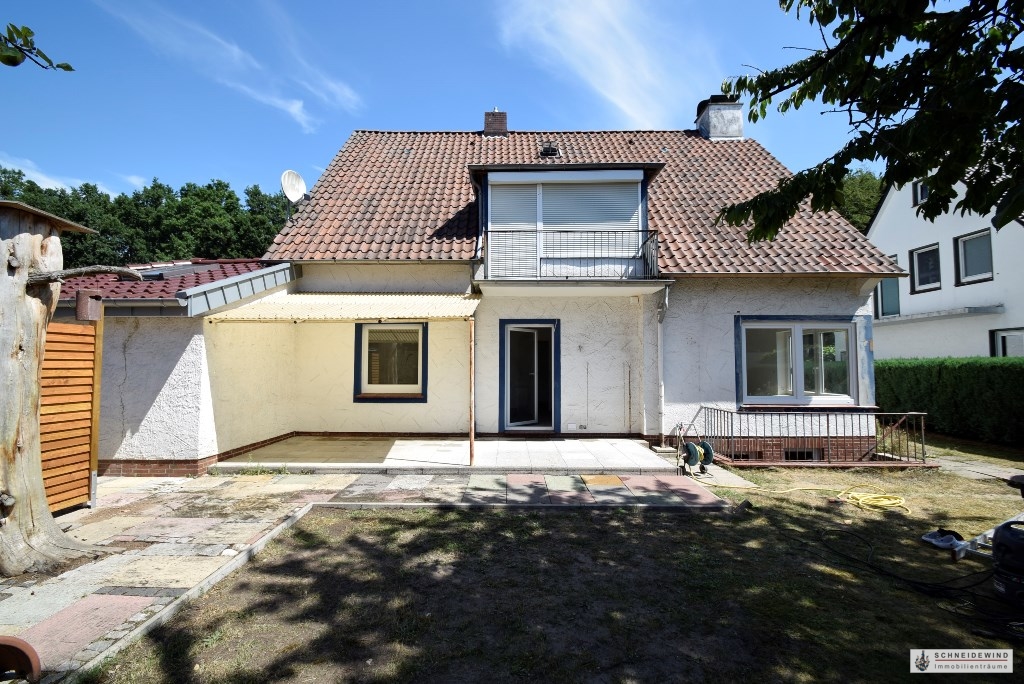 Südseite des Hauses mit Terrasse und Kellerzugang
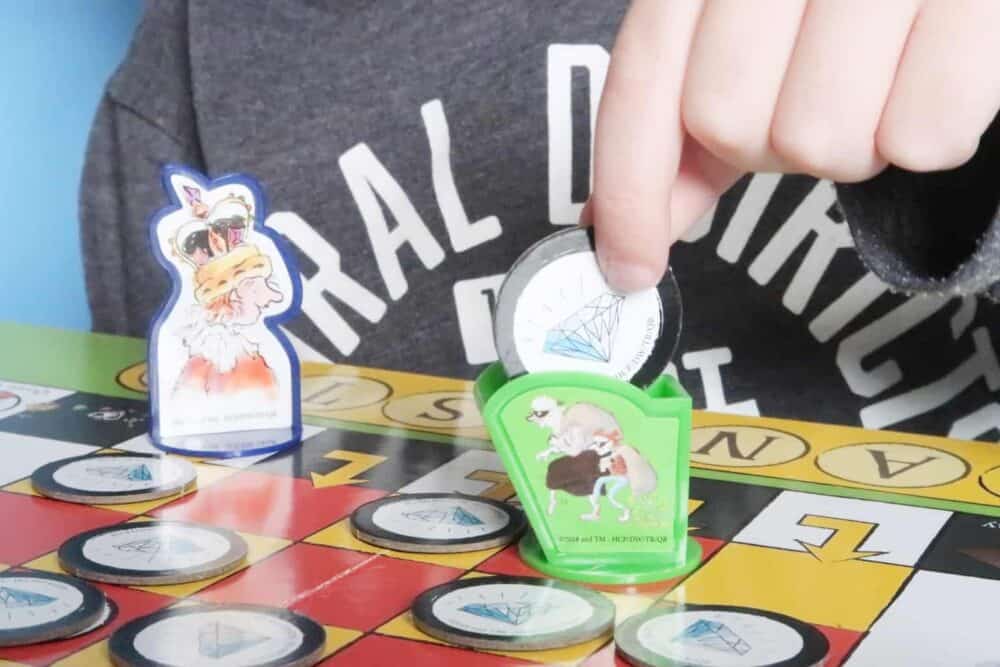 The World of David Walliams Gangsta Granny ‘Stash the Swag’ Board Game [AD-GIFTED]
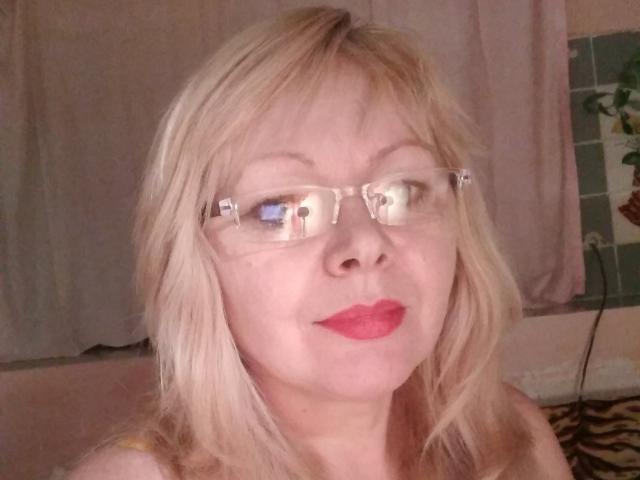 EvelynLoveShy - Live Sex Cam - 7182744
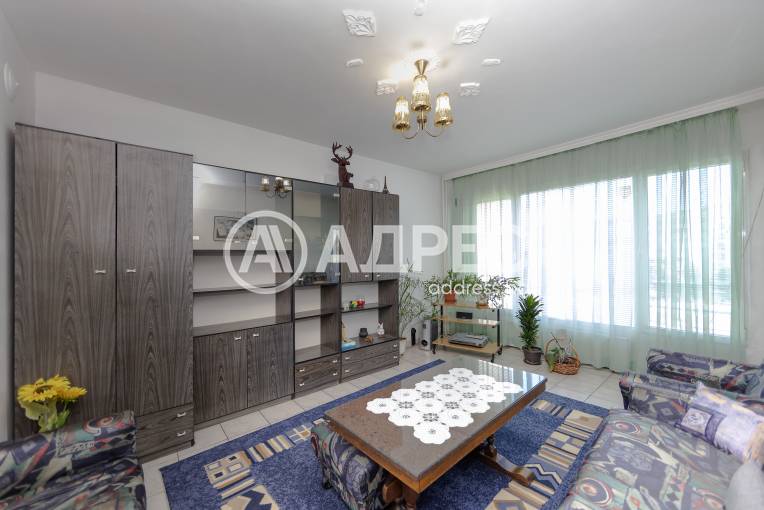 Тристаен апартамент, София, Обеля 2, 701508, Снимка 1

◆ Task description:
What you give back should be exactly the lines from the line holding "The World of" through the final line of the material, both ends included, and please leave out the pictures.

◆ Exercise response:
 The World of David Walliams Gangsta Granny ‘Stash the Swag’ Board Game [AD-GIFTED]
 EvelynLoveShy - Live Sex Cam - 7182744
 Тристаен апартамент, София, Обеля 2, 701508, Снимка 1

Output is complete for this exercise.